Information provided
+===+

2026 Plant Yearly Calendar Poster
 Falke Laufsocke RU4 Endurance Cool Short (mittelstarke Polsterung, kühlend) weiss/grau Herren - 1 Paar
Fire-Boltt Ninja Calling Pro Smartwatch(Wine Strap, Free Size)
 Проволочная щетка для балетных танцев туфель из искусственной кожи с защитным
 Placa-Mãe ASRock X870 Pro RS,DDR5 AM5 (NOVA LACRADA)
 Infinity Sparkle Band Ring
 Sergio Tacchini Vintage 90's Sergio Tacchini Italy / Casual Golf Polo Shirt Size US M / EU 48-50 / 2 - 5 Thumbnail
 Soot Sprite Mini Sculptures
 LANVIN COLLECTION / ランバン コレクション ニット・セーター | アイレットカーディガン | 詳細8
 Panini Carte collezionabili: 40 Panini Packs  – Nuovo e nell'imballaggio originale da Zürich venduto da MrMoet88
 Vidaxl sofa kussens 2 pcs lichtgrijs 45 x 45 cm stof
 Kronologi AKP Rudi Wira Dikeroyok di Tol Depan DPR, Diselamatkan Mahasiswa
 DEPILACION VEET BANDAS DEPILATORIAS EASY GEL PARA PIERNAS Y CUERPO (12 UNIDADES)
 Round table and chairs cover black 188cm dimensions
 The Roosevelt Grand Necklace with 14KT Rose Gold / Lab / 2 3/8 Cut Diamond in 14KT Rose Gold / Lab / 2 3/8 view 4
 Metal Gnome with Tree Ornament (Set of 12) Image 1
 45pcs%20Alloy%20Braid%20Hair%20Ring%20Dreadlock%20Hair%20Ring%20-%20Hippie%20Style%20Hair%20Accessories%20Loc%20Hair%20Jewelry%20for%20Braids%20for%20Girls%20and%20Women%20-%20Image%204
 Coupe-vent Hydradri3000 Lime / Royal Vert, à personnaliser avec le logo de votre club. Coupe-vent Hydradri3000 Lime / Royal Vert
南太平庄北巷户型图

+===+

Problem
Starting at the line where "Infinity Sparkle Band Ring" appears, write out every line exactly as it stands until the listing ends, and add nothing.

Response box
 Infinity Sparkle Band Ring
 Sergio Tacchini Vintage 90's Sergio Tacchini Italy / Casual Golf Polo Shirt Size US M / EU 48-50 / 2 - 5 Thumbnail
 Soot Sprite Mini Sculptures
 LANVIN COLLECTION / ランバン コレクション ニット・セーター | アイレットカーディガン | 詳細8
 Panini Carte collezionabili: 40 Panini Packs  – Nuovo e nell'imballaggio originale da Zürich venduto da MrMoet88
 Vidaxl sofa kussens 2 pcs lichtgrijs 45 x 45 cm stof
 Kronologi AKP Rudi Wira Dikeroyok di Tol Depan DPR, Diselamatkan Mahasiswa
 DEPILACION VEET BANDAS DEPILATORIAS EASY GEL PARA PIERNAS Y CUERPO (12 UNIDADES)
 Round table and chairs cover black 188cm dimensions
 The Roosevelt Grand Necklace with 14KT Rose Gold / Lab / 2 3/8 Cut Diamond in 14KT Rose Gold / Lab / 2 3/8 view 4
 Metal Gnome with Tree Ornament (Set of 12) Image 1
 45pcs%20Alloy%20Braid%20Hair%20Ring%20Dreadlock%20Hair%20Ring%20-%20Hippie%20Style%20Hair%20Accessories%20Loc%20Hair%20Jewelry%20for%20Braids%20for%20Girls%20and%20Women%20-%20Image%204
 Coupe-vent Hydradri3000 Lime / Royal Vert, à personnaliser avec le logo de votre club. Coupe-vent Hydradri3000 Lime / Royal Vert
南太平庄北巷户型图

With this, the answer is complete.